Cent’anni fa nasceva Rosignano, pittore di luce sfuggito a Dachau
Sapeva dipingere il vento e anche la pioggia, Livio Rosignano, artista istriano, nato a Pinguente, paese d’origine dei genitori, il 20 novembre 1924. Mancato nel 2015 a Trieste, dove si era trasferito con la famiglia nel 1928 per ragioni di lavoro del padre, oggi avrebbe compiuto cent’anni.

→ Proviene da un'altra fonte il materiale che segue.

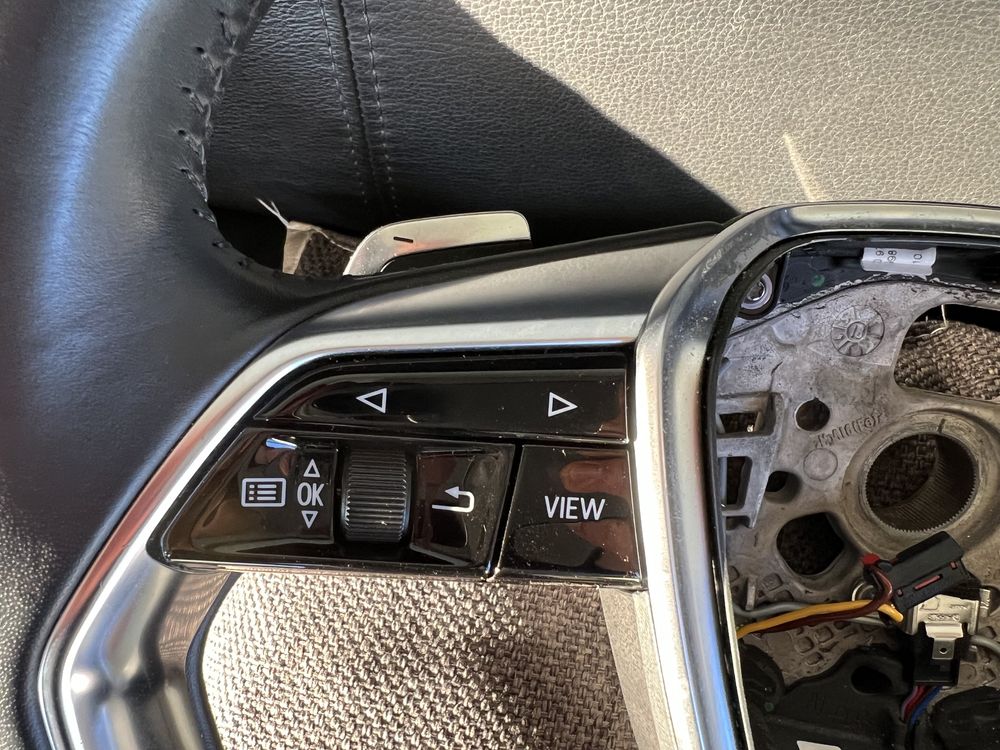 Волан за Audi A6 A7 4K A8 4N 2018-2021г с подгряване и Вибрации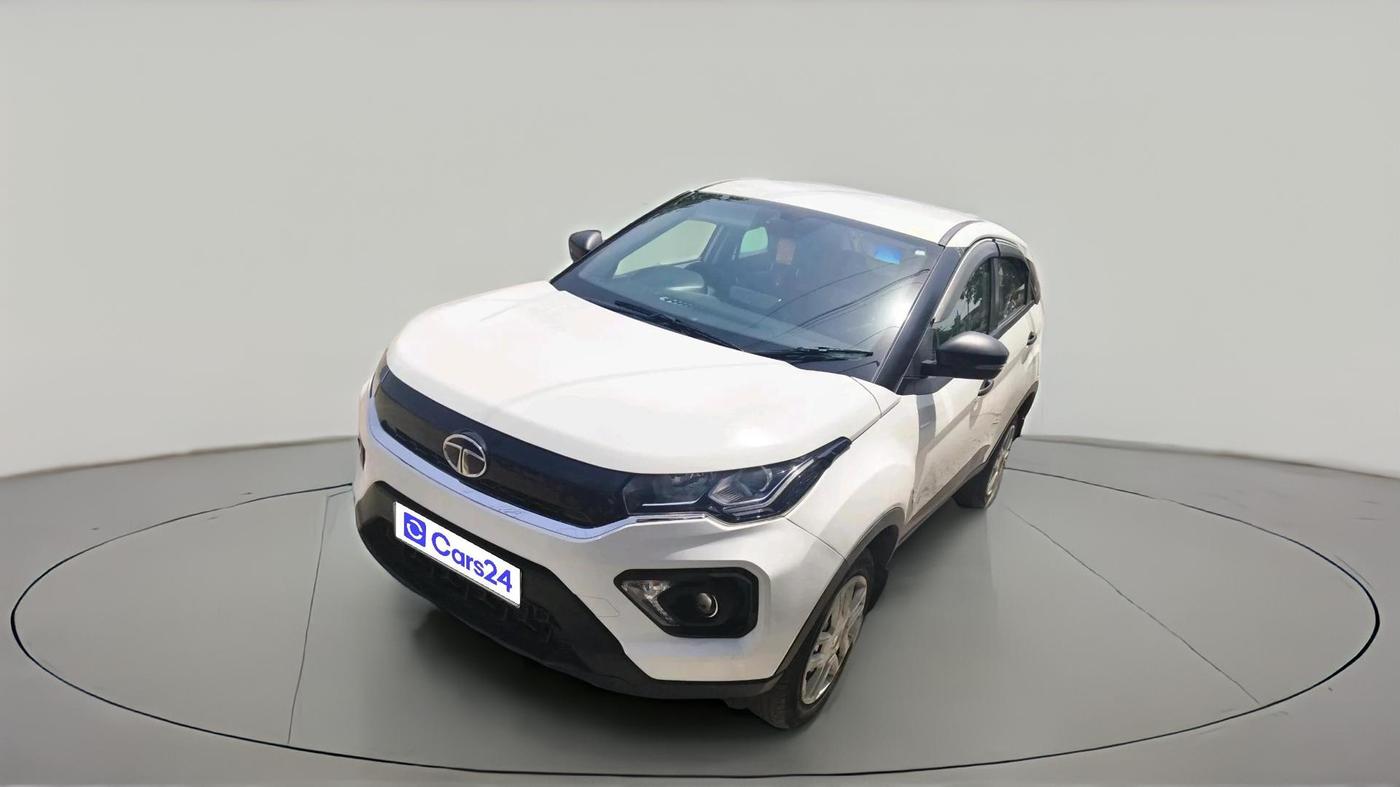 2022 Tata NEXON XE PETROL, Petrol, Manual, 38,992 km, exterior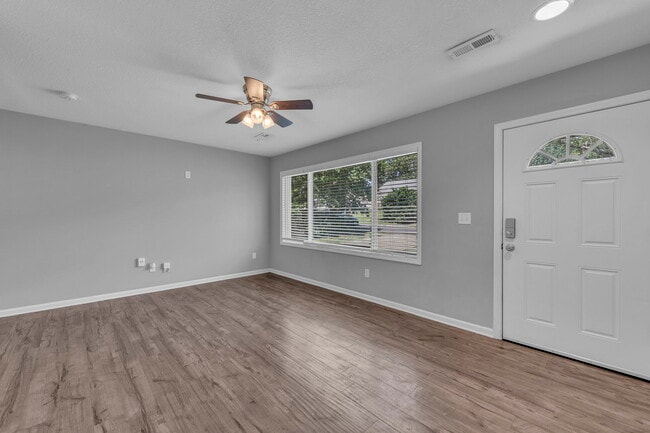 Photo - 3210 Francis Pl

Con una joie de vivre spesso intrisa di una malinconia profonda come la Bora scura, era entrato con la sua pittura nell’anima di tanti triestini che si sono più volte specchiati in quell’entusiasmo troppo spesso turbato dalla tragedia, che Livio aveva incontrato da ragazzo nei molti mesi trascorsi all’ospedale di Trieste, poi internato nel 1944 a Dachau e infine colpito da vari lutti famigliari. Per risorgere poi a fianco di Marinella, compagna della sua rinascita.
Temperamento estroso e molto vitale, attivissimo e in fondo ordinato - nonostante l’appartenenza radicata a una tipica boheme triestina, che si raccoglieva in locali “storici” come il Re di Coppe di via Geppa, gestito con passione dall’oste e collezionista gentiluomo Mario Vellich -, aveva creato più di 3.500 dipinti a olio e oltre 17.000 disegni a penna, matita, carboncino, biro, inchiostro, tecnica mista accanto a illustrazioni e acqueforti, cui si era appassionato grazie all’amicizia con Carlo Sbisà. Capace di simbolizzare in tali lavori anche le contraddizioni delle terre di confine in cui era vissuto e l’esistenza disperata di quei “poveri cristi”, cui sentiva di appartenere, protagonisti talvolta della vita nel popolare complesso del Vaticano, tutt’ora esistente in via dell’Istria, e che lui rappresentò con un linguaggio espressionista sempre più vicino all’inglese Bacon. Lì, nelle serate ventose, Livio bambino disegnava per ore accovacciato ai piedi del tavolo, dove il padre scriveva e leggeva. E più tardi anche lui avrebbe scritto diversi libri di narrativa, composto poesie e collaborato, da colto critico d’arte, a varie testate come Il Piccolo, La voce dei giovani, Il Gazzettino e Trieste Oggi.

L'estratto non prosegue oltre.